For the second time, X should be whatever makes the last copy command see the last slot of your buffer. Since this is a row of 17 metatiles, the last slot is numbered 16, and for that last address evaluation (TileBufferA-01, x) to be 16, X must be 17. So, the calls to the drawing routine will look like this:
Code:
;WRITE THE ADDRESS TO $2006 HERE!
ldy TileCount0
ldx TileCount0
jsr DrawMetatiles
;MODIFY THE ADDRESS AND WRITE TO $2006 HERE!
ldy TileCount1
ldx #$11
jsr DrawMetatiles
There you have it, the secret for my fast scrolling! =) Of course, since I draw full metatiles, I actually call the drawing routine 4 times for a row, and 4 times for a column, for a total of 8 calls if both rows and columns are being rendered, and the value sent in X is more complex because it selects between rows and columns, first half or second half, left or right side, etc.

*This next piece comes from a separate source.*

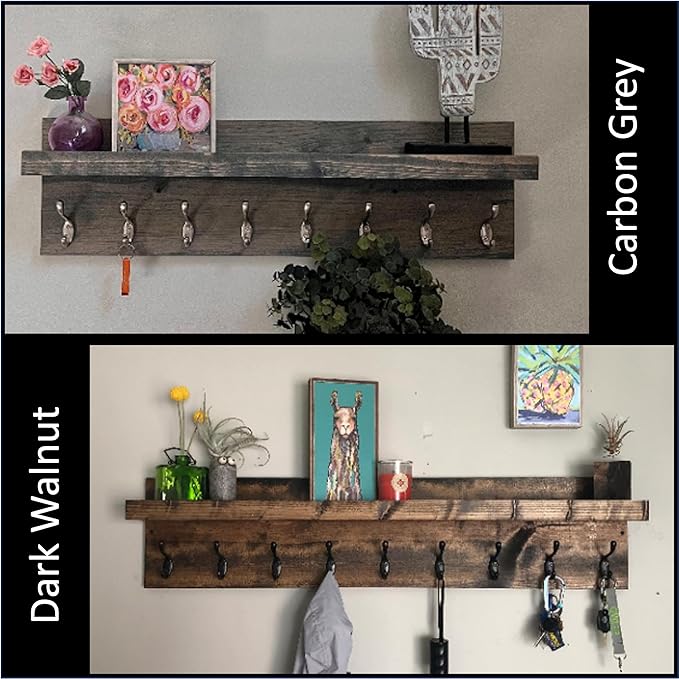 Coat Rack with Shelf (Choose your Length) Towel Rack Entryway Organizer Wall Mounted Hooks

But it's still pretty fast.
Great idea! Right now, I have a destination address already calculated for the next frame. I really should stay away from loops. Loops really do add up, but that looks like it doesn't take very long at all. I think I CAN modify my routine to do 1 string of writes per 8 pixels, however I would have to really change my code.
I'm thinking of writing all of my routines at least twice. Since I rewrote my sprite drawing code yesterday, I feel that if I write rough drafts of code, and then write the real routine, I'd do a lot better. My first draft of my code yesterday was really sloppy looking, and it was barely understandable. I wonder if most programmers do this...
Celius wrote:
I'm thinking of writing all of my routines at least twice. Since I rewrote my sprite drawing code yesterday, I feel that if I write rough drafts of code, and then write the real routine, I'd do a lot better. My first draft of my code yesterday was really sloppy looking, and it was barely understandable. I wonder if most programmers do this...
Heh, I think I know what you mean. When I started my project, I used to plan everything very carefully, so everything looked nice. Now I just write the stuff directly into the code files, and I'll write whatever it takes to test my new ideas, even if the code is not very pretty.
After I see that the ideas work fine, I rewrite the code, making it look better, adding comment and maybe even optimizing a little.